Besides energy saving, daylight has positive influence, which improves the quality of life, on the human body (e.g., feelings and emotions). Daylight research has shown that it can be used to reduce the impact of illnesses (e.g., seasonal affective disorder) and improve patient recovery rapidly [1]. As daylight includes visible and non-visible light, the eyes and skin absorb non-visible wavelengths that are needed to synthesize vitamin D3. People spend most of their time under artificial light in buildings. As a result, 15% of office workers complain of eye strain, and 78 million have calcium deficiency due to insufficient vitamin D [2]. Low levels of vitamin D have been shown to increase the risk of strokes and heart attacks by 60% [1]. In general, most of the people prefer to work in a daylighted interior space rather than a non-daylighted interior space. An integrated daylighting design must be incorporated into a building design to produce comfortable indoor environments for healthy lifestyle.

Daylighting has a significant role in the field of renewable energy to reduce energy consumption. It is estimated that buildings are the main source of CO2 emissions where 46%, 71%, and 50% of total energy is consumed in buildings of South Korea, USA, and Hong Kong, respectively [3,4]. Electric lighting energy utilization in buildings is 40–50% of the total energy cost [5]. One of the principles of sustainable buildings is to utilize daylight at all day for lighting. Buildings that include daylight with lighting control system, which maintains light level in the interior space, are estimated to reduce electric lighting energy consumption by 50–80% [6].

Several concepts regarding daylighting schemes have been demonstrated with opening places [7], windows [8], skylights [9], micro lenses [10], redirecting mirrors [11], light pipes [12], light guides [13], and optical fibers [14,15]. Windows are most common daylight transmitting device in the interior space, but research is in progress to redirect the light for achieving uniform indoor illumination [10]. Skylights are incorporated into the roof of the building; however, these are not suitable for multi-floor buildings. Light pipes are not preferred because they have low transmitting efficiency. Most of the daylighting strategies give non-uniform illumination, which produce visual discomfort, in the interior space. Only optical fibers are capable of fulfilling the requirements for buildings. Current need is to design daylighting methods for newly constructed multi-floor buildings. Researchers have introduced different methods to deliver uniform daylight in multi-floor buildings using optical fibers [16], but most of the methods are in the early stages of development and implementation of the system.

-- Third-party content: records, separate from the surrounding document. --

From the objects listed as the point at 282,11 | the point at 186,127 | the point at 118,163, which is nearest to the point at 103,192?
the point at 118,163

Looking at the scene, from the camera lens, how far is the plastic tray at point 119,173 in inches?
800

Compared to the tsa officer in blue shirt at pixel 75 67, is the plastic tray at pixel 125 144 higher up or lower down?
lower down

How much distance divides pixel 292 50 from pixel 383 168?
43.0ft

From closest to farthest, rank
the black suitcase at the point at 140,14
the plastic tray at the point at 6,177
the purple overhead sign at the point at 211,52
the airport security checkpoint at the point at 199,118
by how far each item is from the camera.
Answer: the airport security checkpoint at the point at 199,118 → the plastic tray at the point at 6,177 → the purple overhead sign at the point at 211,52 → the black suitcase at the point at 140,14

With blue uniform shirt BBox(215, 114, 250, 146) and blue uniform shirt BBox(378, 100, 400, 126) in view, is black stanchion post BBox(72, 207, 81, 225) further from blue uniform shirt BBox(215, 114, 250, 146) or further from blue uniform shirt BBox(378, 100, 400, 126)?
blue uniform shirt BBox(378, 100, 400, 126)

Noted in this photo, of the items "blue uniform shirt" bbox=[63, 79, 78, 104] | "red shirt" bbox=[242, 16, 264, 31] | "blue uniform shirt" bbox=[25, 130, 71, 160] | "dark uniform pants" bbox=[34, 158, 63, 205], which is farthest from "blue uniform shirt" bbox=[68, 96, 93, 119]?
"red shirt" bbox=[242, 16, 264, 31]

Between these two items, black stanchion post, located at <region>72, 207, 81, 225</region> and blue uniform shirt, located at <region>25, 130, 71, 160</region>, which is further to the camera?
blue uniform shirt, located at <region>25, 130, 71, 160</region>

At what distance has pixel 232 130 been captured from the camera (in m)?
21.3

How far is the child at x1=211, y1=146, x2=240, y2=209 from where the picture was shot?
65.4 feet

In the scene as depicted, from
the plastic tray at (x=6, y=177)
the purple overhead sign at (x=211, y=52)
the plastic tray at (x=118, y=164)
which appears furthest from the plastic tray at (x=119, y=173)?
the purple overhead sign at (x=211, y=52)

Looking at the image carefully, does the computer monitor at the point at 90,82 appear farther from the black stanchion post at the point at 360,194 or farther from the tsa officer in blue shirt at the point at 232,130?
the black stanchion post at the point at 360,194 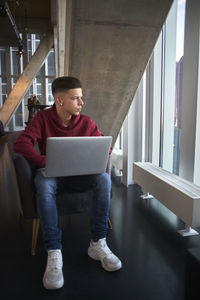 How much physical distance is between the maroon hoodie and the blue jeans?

There is no doubt that daylighting provides high quality illumination and health benifits. Using daylight, office worker’s performance and patient recovery can be increased. To provide daylight in the interior space, more consideration should be given to make the light collecting system efficient in terms of light concentration and manufacturing process. An appropriate daylighting strategy will lead us to a solution to the energy problem and healthy indoor environment.